La présidence française passe le témoin à la présidence marocaine ce 7 novembre. C’est en fait une passation progressive. Je tiens à saluer l’excellente coopération et la mise en commun de nos efforts pour un objectif commun, celui de faire de la COP22 un moment de bilan positif et une étape d’actions, qui doit nous amener à 2018. Elle sera une année de bilan pour mesurer nos efforts, et réajuster aux besoins nos ambitions pour une augmentation maximale de 2 C et autant que possible 1,5 C, d’ici la fin du siècle. Avant cette date, l’accord de Paris n’est pas soumis à négociation, mais fait l’objet d’actions de mise en œuvre concrète.

- Sommes-nous bien préparés pour prendre la relève?
- Le Maroc, qui prendra la présidence le 7 novembre, et l’assurera jusqu’à la date de la COP23, travaillera sur les axes essentiels définis dans sa feuille de route. Le financement constitue l’une des principales attentes des pays du sud pour réaliser les projets d’adaptation notamment. L’objectif est d’établir  une feuille de route et une visibilité pour rassembler les 100 milliards de dollars à partir de 2020. Si les investissements dans les projets rentables requièrent la mise en place de signaux qui encouragent ces investissements, par la mise en place de réglementations adéquates, d’un environnement  favorable et d’un engagement de pouvoirs publics, il apparaît évident que certains projets d’adaptation notamment, ceux à la rentabilité financière  insuffisamment incitative, demandent des modes de financements innovants, par la combinaison de fonds publics, privés du mécénat ou de philanthropie. Il est par ailleurs dans l’ambition de la présidence marocaine de la COP22 de veiller à garder le caractère universel de l’accord de Paris dans un esprit inclusif, permettant à l’ensemble des pays de procéder à la ratification de l’accord pour garder cette offre collective et solidaire de lutte contre les changements climatiques.

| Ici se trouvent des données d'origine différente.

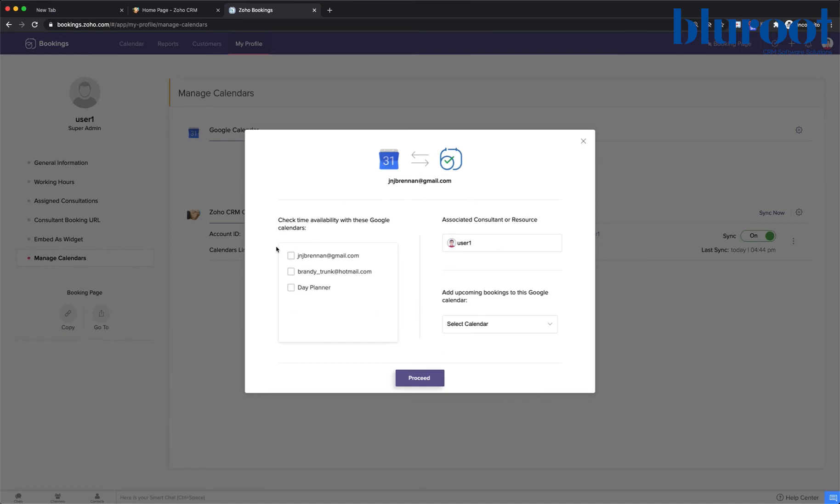And now I can select from my calendars which one will tell bookings if I'm already booked or if I'm available. So I'll select day planner. It's automatically picked the user who's signed in.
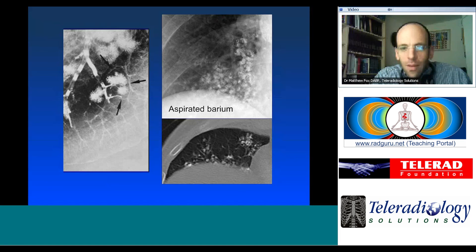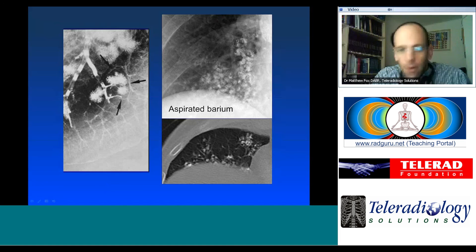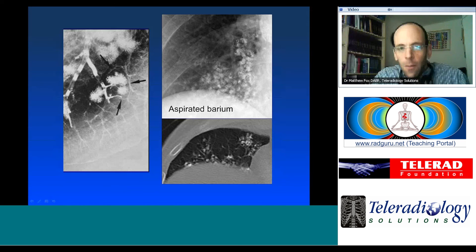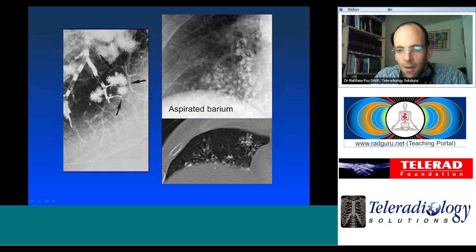In cases of aspirated barium, plain films and CT images do a great job of demonstrating all the structures just described: a bronchiole leading into a membranous bronchiole, a terminal bronchiole, and then a respiratory bronchiole leading into the acinus. This CT demonstration uses aspirated material to highlight these structures.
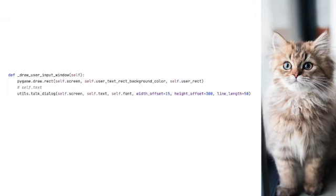So now let's take a look at draw_user_input_window. This function is very similar to the above, but of course has a different location. And since that's pretty much the only difference, I'm just going to leave it.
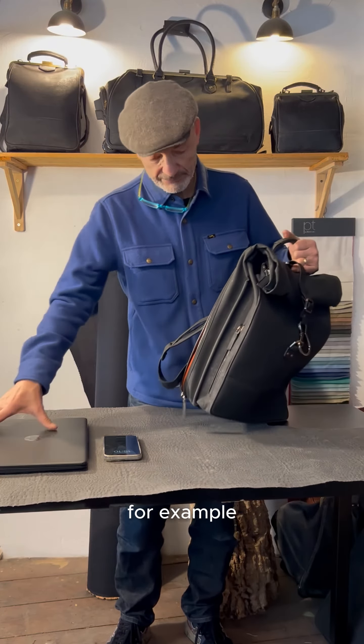You have this pocket, for example, where you can slide your computer easily and this is a 16-inch.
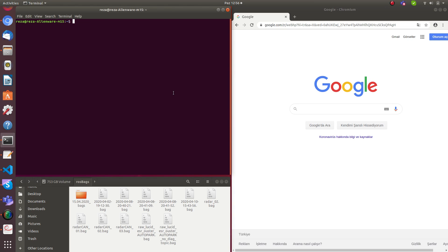In this video I am going to make a node to subscribe to sensor data from a bag file and publish some part of that data.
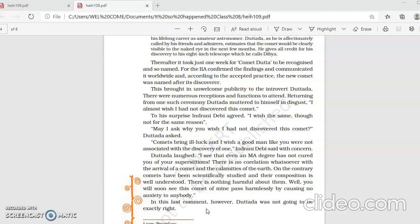To his surprise, Indrani Devi agreed. I wish the same, though not for the same reason. His wife also said the same, but then she said that the reason is different. May I ask you why you wish I had not discovered this comet? So Datada asked his wife why she did not want that he had discovered this comet. Comets bring ill. I wish a good man like you were not associated with the discovery of one. So she felt that comets they bring bad luck. And she felt that a person like Datada should not have been associated with the discovery of comet because she feared that something bad is going to happen. Indrani Devi said with concern.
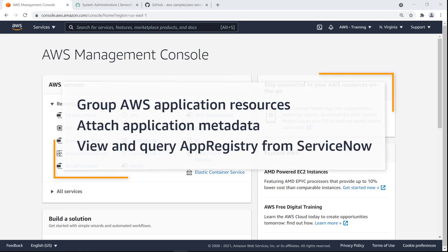In this video, you'll see how to view AWS Service Catalog App Registry data and relationships in ServiceNow.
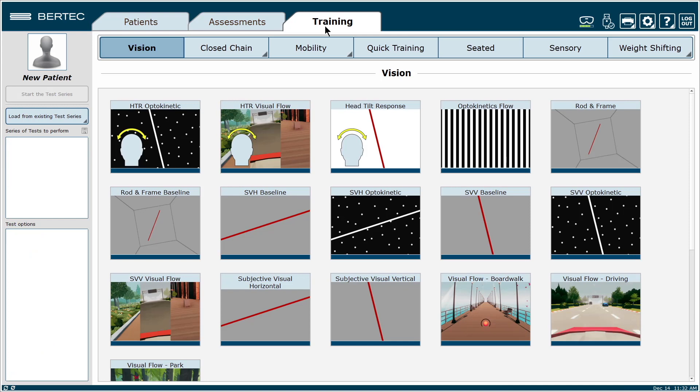The HMD exercises can be found in the Vision and Sensory tabs. You are now all set up to start running test series.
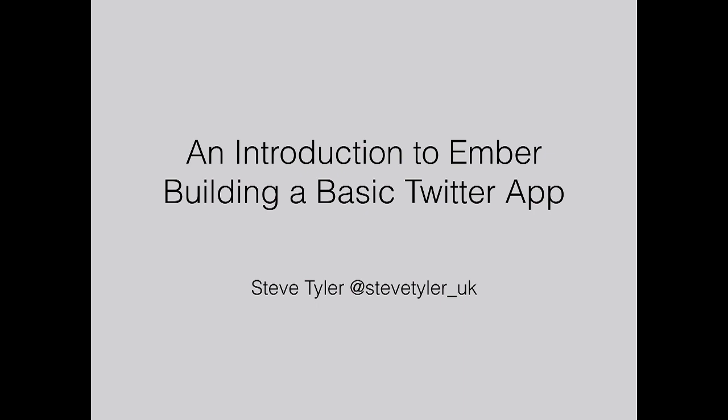My name is Steve Tyler. I'm a part-time developer. I've been learning front-end development the last few years. I work as a small business IT consultant. The last few years I've just been learning front-end development, just doing websites for friends.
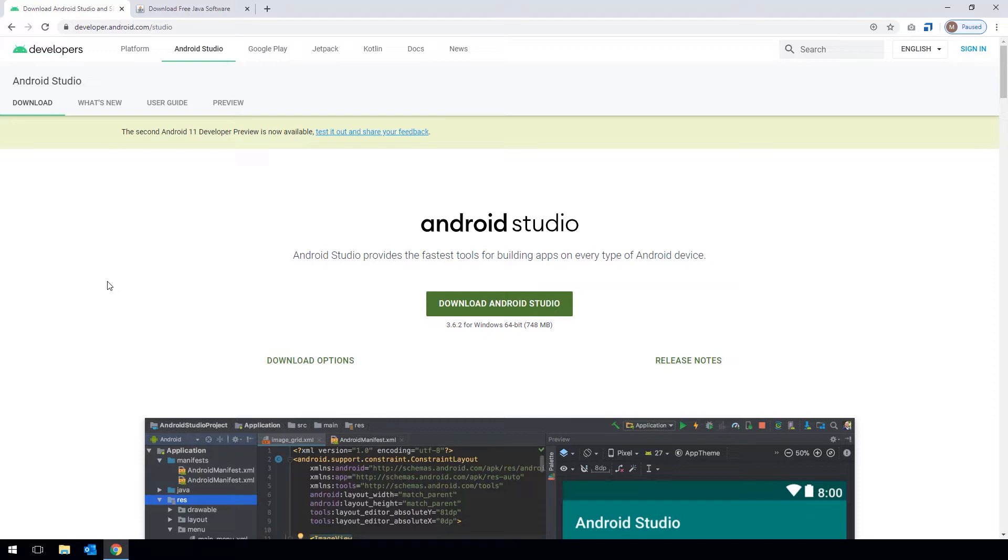Android Studio is the developer environment for Android provided by Google for free. It is a necessary component for the Tricentis Tosca mobile engine and we will also need it to create our virtual devices.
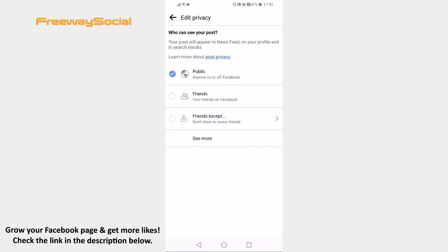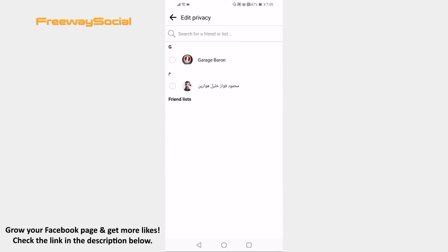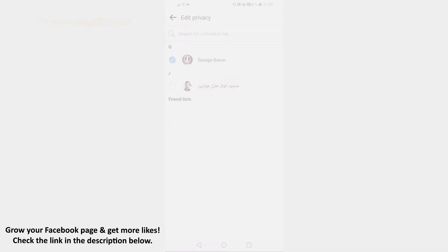Click on See More and select Specific Friends. Now select which friends will be allowed to see your picture. That's it! I hope this guide was helpful and you are able to display your Facebook picture only to a specific friend. Don't forget to like this video and visit us at FreewaySocial.com.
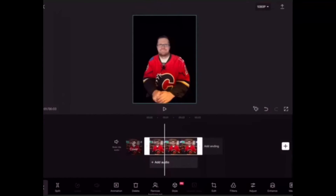If you want to use another background color other than black, just change the background color inside CapCut before you take a screenshot and save it to your camera roll.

- Qu’en est-il de l’initiative «triple A»... Le Maroc a-t-il les moyens de lever tout seul ce défi?
- Les COP, nouvelle génération, et Marrakech en sera le prototype, sont axées sur l’action, au-delà des objectifs des accords à l’issue de négociations, souvent complexes. Actions à travers les initiatives, et les coalitions dont il convient de consolider les contenus et activer la mise en application par le secteur privé,  par les responsables de la gestion des territoires, par l’engagement de la société civile et, d’une façon générale, l’ensemble des citoyens. Le «triple A» que porte le Maroc est une initiative concrète, qui répond aux soucis de faire de l’adaptation de l’agriculture, en Afrique, un moteur essentiel de la sécurité alimentaire et de la stabilité. Et dans le contenu du triple «A», les questions de l’eau, de la terre, de l’énergie et du transfert des technologies sont traitées, concomitamment pour répondre à un même objectif. Le Maroc, dont le savoir-faire est avéré dans ces domaines, peut être un acteur important dans la coopération sud-sud et dans l’émergence d’un développement intégré, pour l’Afrique et par les Africains.
 

 

Combien ça coûte?

Le financement de la COP22, dont les coûts sont estimés autour de 1 milliard de dirhams, est couvert par les fonds publics, par la coopération internationale, bilatérale et multi-bilatérale. S’y ajoutent les partenariats, le sponsoring des entreprises privées et la location des espaces pour les pavillons dans les zones bleue et verte. En outre, l’ensemble des évènements, labélisés avant, pendant et après la COP, obéissent à une charte et à un engagement, délivré à travers une approbation de conformité vis-à-vis des thèmes et leur lien avec les objectifs de la conférence sur les changements climatiques.